Monday, June 8, 2009

But do you know what I did last summer?

TCM will be spotlighting British director Michael Powell on the morning and afternoon of June 9, and the first of his movies they're showing, at 6:00 AM ET, is I Know Where I'm Going!

Wendy Hiller stars as a young English woman who, indeed, knows where she's going, and what she wants out of life. She was born into a middle-class family, but now that she's an adult, she's fallen in love with a wealthy industrialist, and is taking a journey to the Hebrides in Scotland in order to marry the man, who's rented an entire estate for the purpose of holding the wedding. Unfortunately for her, though, she hits a snag during the journey: she has to take a ferry to the island, but the weather in the Hebrides is such that she's just going to have to wait before any boat will take her to the island. Among the people she meets while waiting is Roger Livesey. He's serving in the Royal Navy, as there's a war on, and he's on leave. He too, wants to get to the island -- because he's the one who owns the place. So he and Hiller wait together, and -- you guessed it -- they fall in love. Perhaps Hiller doesn't really know where she's going.

Despite the film following a fairly predictable formula, it's still a nice romance. The Scottish setting helps. Although the village isn't as remote as the island of Foula that was the location for Powell's earlier The Edge of the World (which follows I Know Where I'm Going! at 7:45 AM ET), it's still far enough away to be something completely different from what a woman like Hiller would know.

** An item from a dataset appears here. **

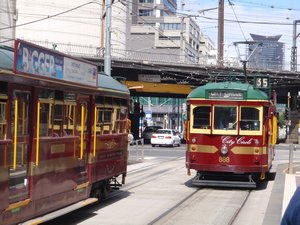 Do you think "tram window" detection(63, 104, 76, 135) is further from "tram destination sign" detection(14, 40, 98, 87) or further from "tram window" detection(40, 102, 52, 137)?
"tram window" detection(40, 102, 52, 137)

It also helps that the movie is filled with wonderfully eccentric characters and, if you like Celtic culture, some Scottish singing and dancing. It's unfortunate that the movie has to be in black and white, but with the war on, it would have been difficult to obtain that much color film stock. Besides, the black and white photography gives I Know Where I'm Going! a timeless quality that most Technicolor movies of the day didn't have.

I Know Where I'm Going! is available on DVD, but as a British import, it's a bit pricey.